Mon, August 11, 4:00 to 5:30pm, East Tower, Hyatt Regency Chicago, Floor: Ballroom Level/Gold, Grand Ballroom B

Abstract

The construction of war memory is a dynamic and contested process, shaped by both individual recollections and shifting socio-political narratives. In mainland China, veterans of the War of Resistance Against Japanese Aggression have experienced dramatic fluctuations in historical recognition, from political marginalization in the mid-20th century to renewed national acknowledgment in recent decades. This study examines how these veterans, particularly those interviewed over the past decade, navigate the evolving memory landscape and reconstruct their wartime narratives in response to changing social agendas. By utilizing oral history interviews, discourse analysis, and memory studies frameworks, this research identifies a dual process of memory transformation. On one hand, veterans exhibit memory fuzzification, selectively avoiding or omitting politically sensitive aspects of their past, particularly those related to post-war affiliations and political stigma. This aligns with theories of trauma avoidance and mnemonic displacement, reflecting decades of historical exclusion and repression.
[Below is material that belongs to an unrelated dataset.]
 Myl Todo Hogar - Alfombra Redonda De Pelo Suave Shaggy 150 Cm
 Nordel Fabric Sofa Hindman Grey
On the other hand, veterans demonstrate memory reconfiguration, actively emphasizing their wartime contributions and integrating themselves into contemporary nationalist discourse. This process illustrates how memory is not merely retrieved but strategically reconstructed, shaped by both personal agency and broader socio-political conditions. By situating veterans’ narratives within China’s evolving war memory framework, this study challenges top-down models of memory formation, highlighting the agency of marginalized historical actors in shaping their own recollections.